La campagne électorale du Conseil français du culte musulman et des Conseils régionaux du culte musulman subit encore les foudres des caprices de ses prétendants. Mais cette fois, il n’est pas question de débats d’idées ou de confrontation des programmes mais de batailles au sein des organisations. Après la Fédération national de la grande mosquée de Paris (FNGMP), c’est au tour de l’Union des Organisations Islamiques de France (U.O.I.F) d’opérer peut-être un revirement. La deuxième plus grosse organisation en France menace de boycotter les élections prévues les 8 et 22 juin prochain. Annoncé le 28 mai dernier par son vice-président Fouad Alaoui, ce retrait pourrait peser lourd sur les résultats du scrutin. Les membres de l’U.O.I.F doivent se réunir samedi 31 mai afin d’adopter une position commune.
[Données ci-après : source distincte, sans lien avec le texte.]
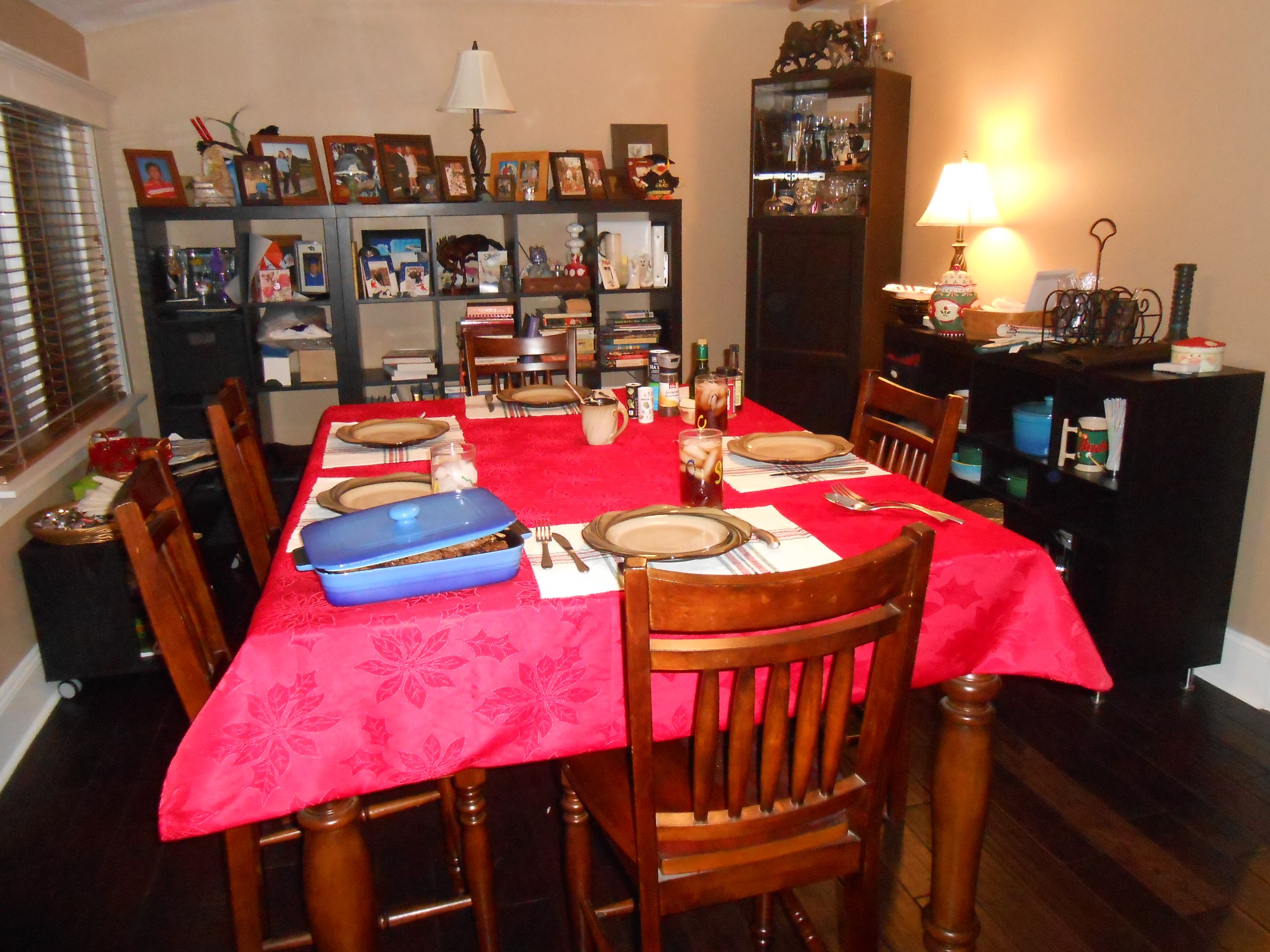 DSCN0874.JPG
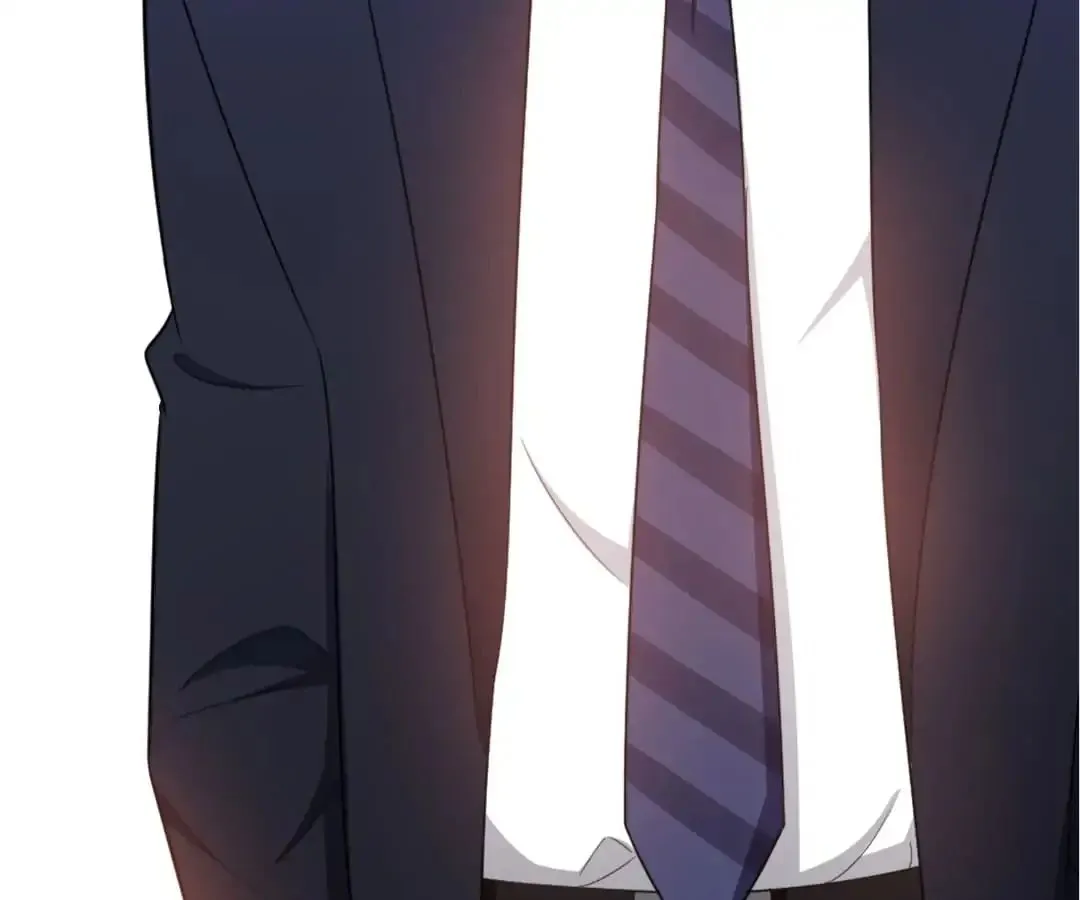 Chunqing Lushao Chapter 51 page 53 -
Selon le site Internet CFCM.TV [site indépendant du CFCM et dirigé par Benabdellah SOUFARI, président du CRCM Alsace, ndrl ] et l’Agence France Presse (AFP), Lhaj Thami Breze, président de l’U.O.I.F et actuel président du CRCM Ile-de-France Centre, souhaiterait rester dans la course pour « faire valoir la représentativité du mouvement ». Fouad Alaoui contesterait quant à lui « le mode de fonctionnement et l’utilité même » de l’instance nationale. Au niveau régional, les annonces de retraits se succèdent depuis des semaines. Le dernier en date : celui de la mosquée de Cannes (Alpes-Maritimes) qui accueille 600 fidèles. Elle dénonce notamment « la paralysie progressive des instances régionales des CRCM». Début mai, en accord avec la FNMGP, la mosquée de Châtellerault (Vienne) qui accepte environ 230 fidèles, gelait sa participation à cause « des critères de représentativité ». Du côté des fédérations, la Fédération nationale des musulmans de France (FNMF) a annoncé aussi son boycott électoral car pour elle, un « CFCM privé d'une de ses composantes fondatrices est un CFCM voué à un échec certain. »
Un homme, une voix
Lhaj Thami Breze, président de l'U.O.I.F, s'était déclaré « décidé à libérer le culte musulman des subordinations étrangères »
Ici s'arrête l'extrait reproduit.